How was the initial setup?
The initial setup was straightforward. We were easily able to set up scan policies, asset groups, scan schedules, and start collecting data very quickly.
It wasn't complicated to define what we wanted to scan. It wasn't complicated to set up the credentialed scans, or to set up the different credentials for the different policies and different types of machines. Everything that that goes into building a scan policy was straightforward and we were able to get all of our assets scanned pretty quickly. Within 45 days of buying, we had good data and had done multiple scans already with all of our assets.
Our implementation strategy was that we wanted to set up credentialed scans for all of our machines as quickly as possible. We were working towards that and trying to get the coverage in Tenable as soon as possible.
What about the implementation team?
What was our ROI?
We are fulfilling our goals and able to deliver on the requirements that we have. It's hard for security to be a real ROI. We need to do vulnerability scanning, we need to know where the issues are and we need to be able to fix them. It is doing that.
What's my experience with pricing, setup cost, and licensing?
Our licensing is on a yearly basis but we did a three-year deal.

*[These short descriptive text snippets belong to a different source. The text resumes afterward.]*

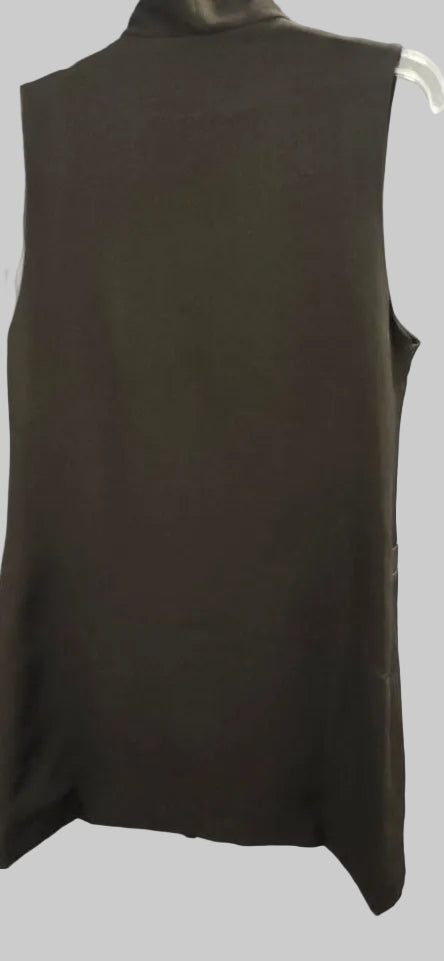 Black Vest with Chain Details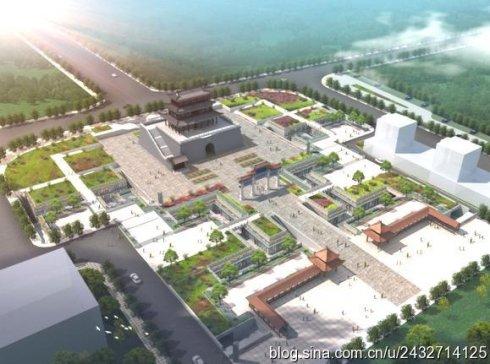 《靖远县钟鼓楼广场修建性详细规划》(摘录)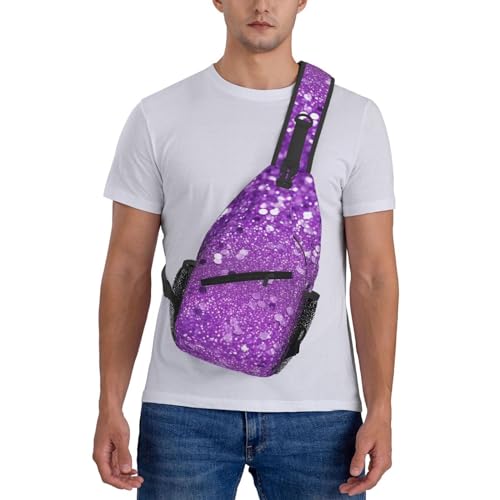 Bolso cruzado de pecho tipo bandolera para hombre negro miniatura 2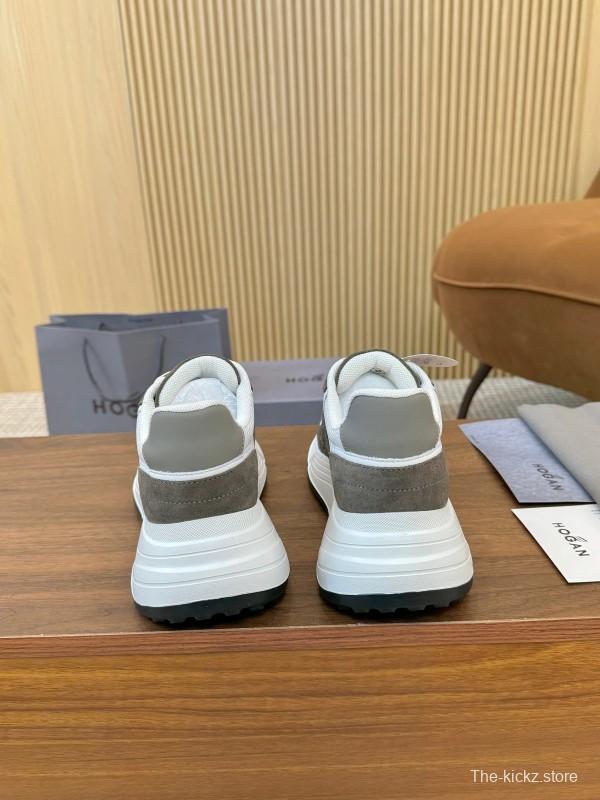 Hogan H-STRIPES Series Couple Thick Sole Dad Shoes Leisure Sneakers - LY00370/LY00380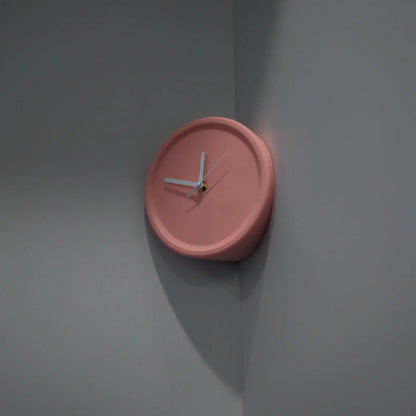 Quiet Modern Wall Clock No Drilling Needed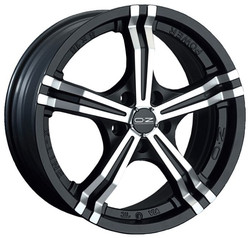 Диск литой Oz Power 16/7 ET37 Matt black + diamond cut | Артикул WHS030024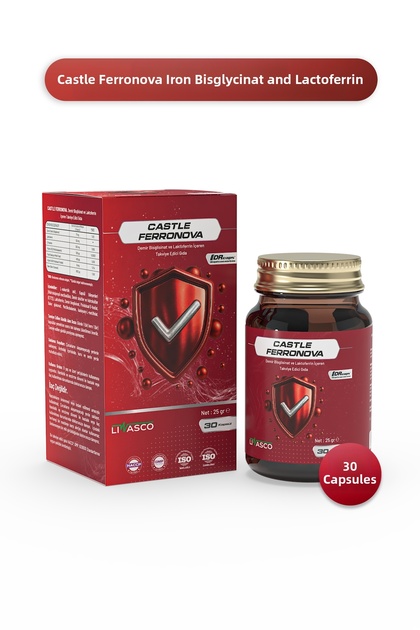 Ferronova Iron Bisglycinate and Lactoferrin Supplement Food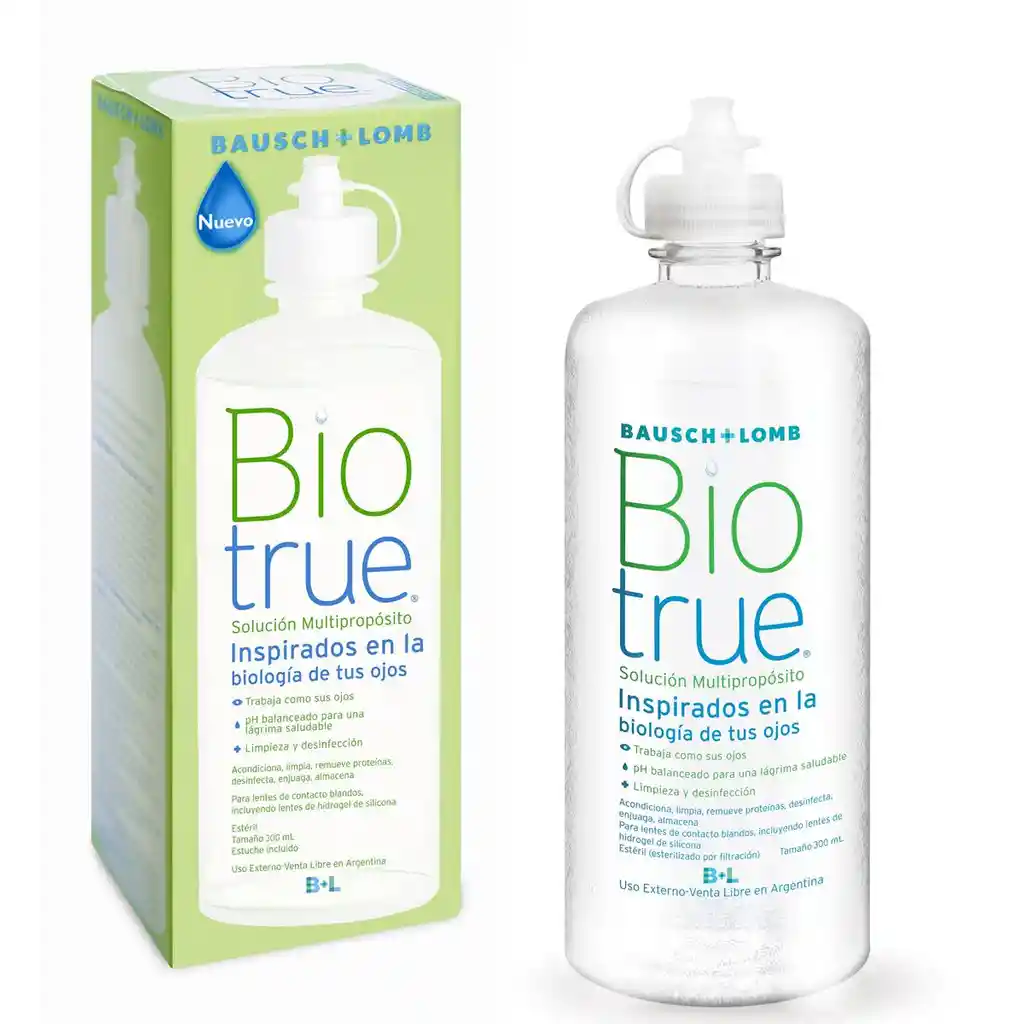 Bio True Solución Multipropósito para Lentes de Contacto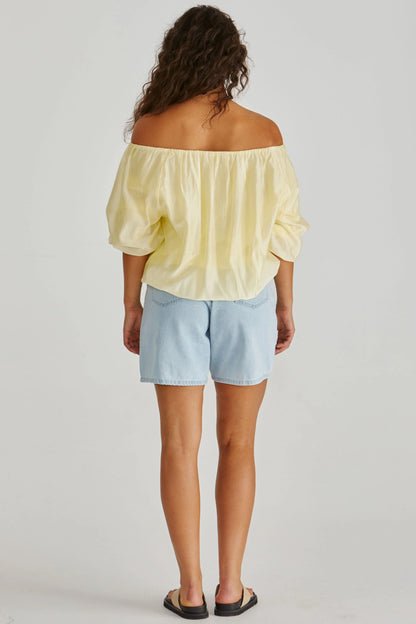 Sass Sofie Off Shoulder Top - Yellow
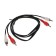 Audio/Video signal, 2xrca (M) -2xrca (M), 1 m, black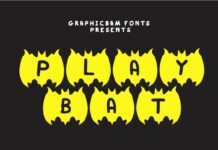 Play Bat Font Poster 1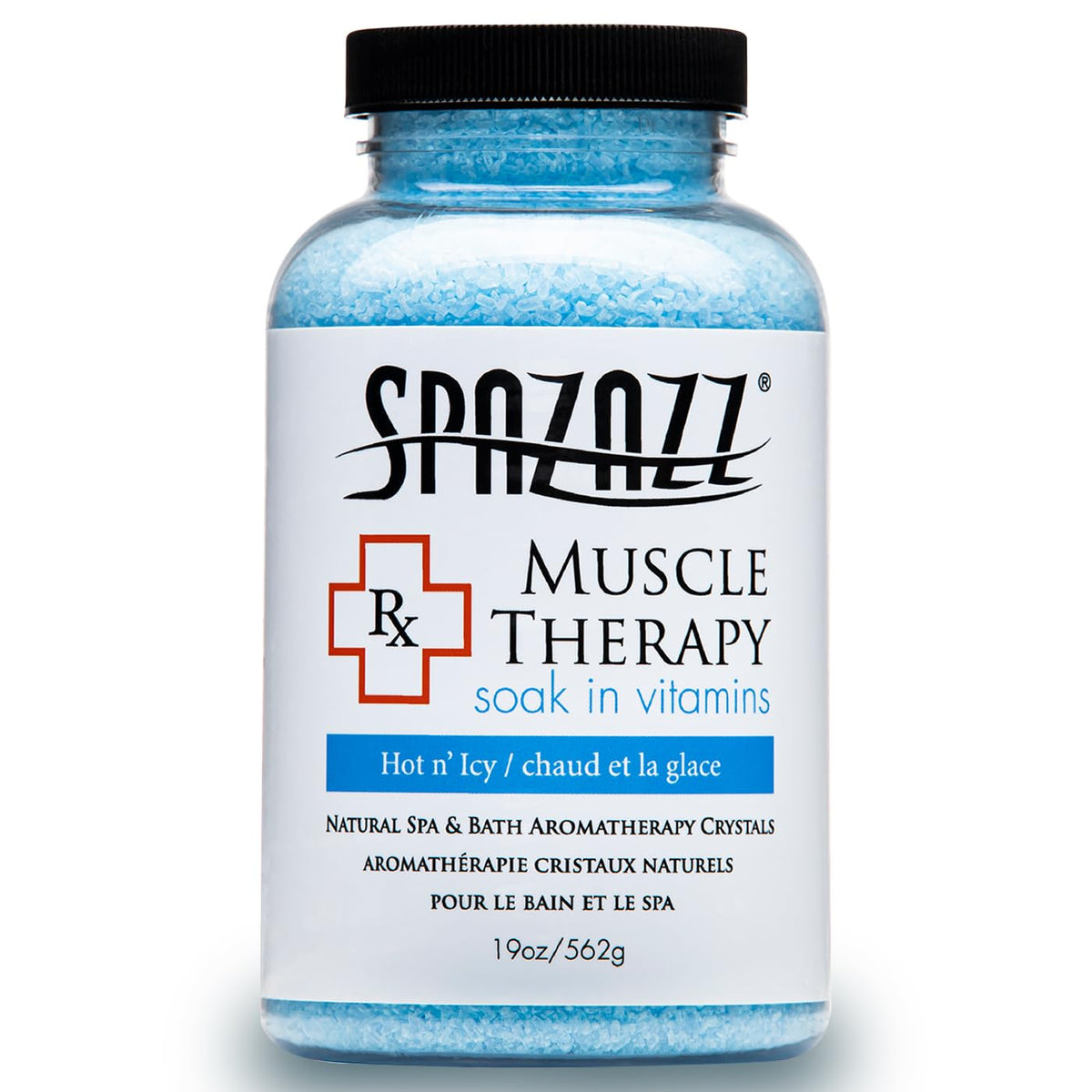 Spazazz RX Therapy Crystals 19-Ounce container front view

It is a fixed cost to cover a certain number of hosts or assets. There are no additional costs to the standard licensing fees.
What other advice do I have?
Leverage authenticated scans if you can. That reduces the number of false positives compared to just network-based scanning. Leverage the Tenable Agents if you can, as well, because that will help reduce the scan time and make it easier to get data from machines that are all over your network.
The solution isn't really helping to reduce our exposure over time because there are always new vulnerabilities coming out. It's helping us keep track of what's out there better.
The next part is going to be convincing external auditors that VPR is a reasonable way to actually prioritize, in terms of whatever our policy statements say for what we fix and how quickly; to get that to line up. A lot of people are still in the, "You must patch criticals with this number of days, highs with this number of days." We want to be able to turn that into a more risk-based approach but haven't really been able to do that.
The users of the solution in our organization are really just the people on our security team, so the number is under ten people. They're really just using it to look at the vulnerabilities, analyze the vulnerabilities, and figure out where our risks are and what should get patched. For deployment and maintenance of the solution we have a quarter of an FTE.